JpGU-AGU Joint Meeting 2020

Presentation information

[E] Poster

M (Multidisciplinary and Interdisciplinary) » M-GI General Geosciences, Information Geosciences & Simulations

[M-GI33] Data assimilation: A fundamental approach in geosciences

convener:Shin ya Nakano(The Institute of Statistical Mathematics), Yosuke Fujii(Meteorological Research Institute, Japan Meteorological Agency), Takemasa Miyoshi(RIKEN), SHINICHI MIYAZAKI(Graduate School of Science, Kyoto University)

[MGI33-P04] Data assimilation of lightning observation data for global numerical weather prediction

*Toshiyuki Ishibashi1 (1.Meteorological Research Institute/Japan Meteorological Agency)

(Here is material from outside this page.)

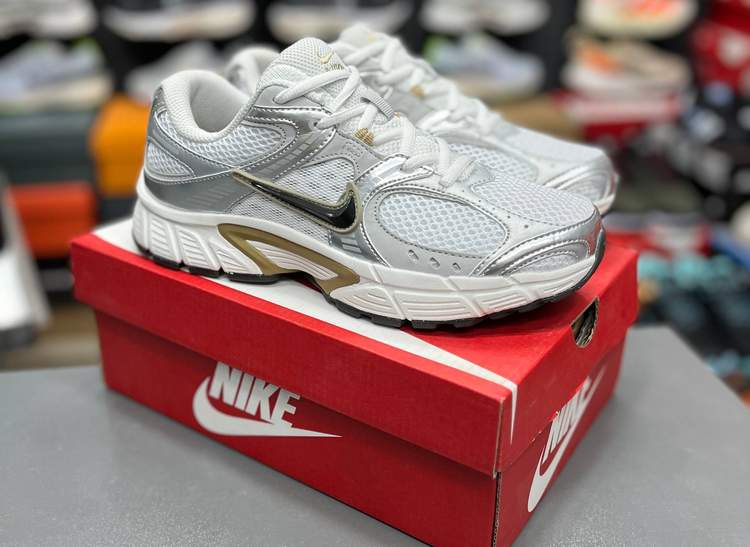کتونی نایک وی فایو کی مسترکوالیتی سایز 37 الی 40 ساخت ویتنام | Nike V5k RNR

Keywords:data assimilation, numerical weather prediction, lightning

To improve the accuracy of global numerical weather prediction (NWP), it is necessary to assimilate more observation data with a data assimilation system (DAS). Lightning observation data is new valuable observation data including information on the deep part of cumulonimbus clouds. Lightning observation from satellites has been ongoing since the 1990s. The third generation geostationary meteorological satellites are equipped with lightning sensors and have high spatiotemporal resolution and wide observation coverage. However, to assimilate the lightning observation data adequately, there are some basic difficulties, which are the nonlinearity of the lightning observation operator, shortage of forecast accuracy for water substances, and water substance error statistics. In this research, we first summarize lightning observations and observation operators, and then describe our initial results such as forward calculation of lightning. We also consider next steps of the data assimilation of lightning observations.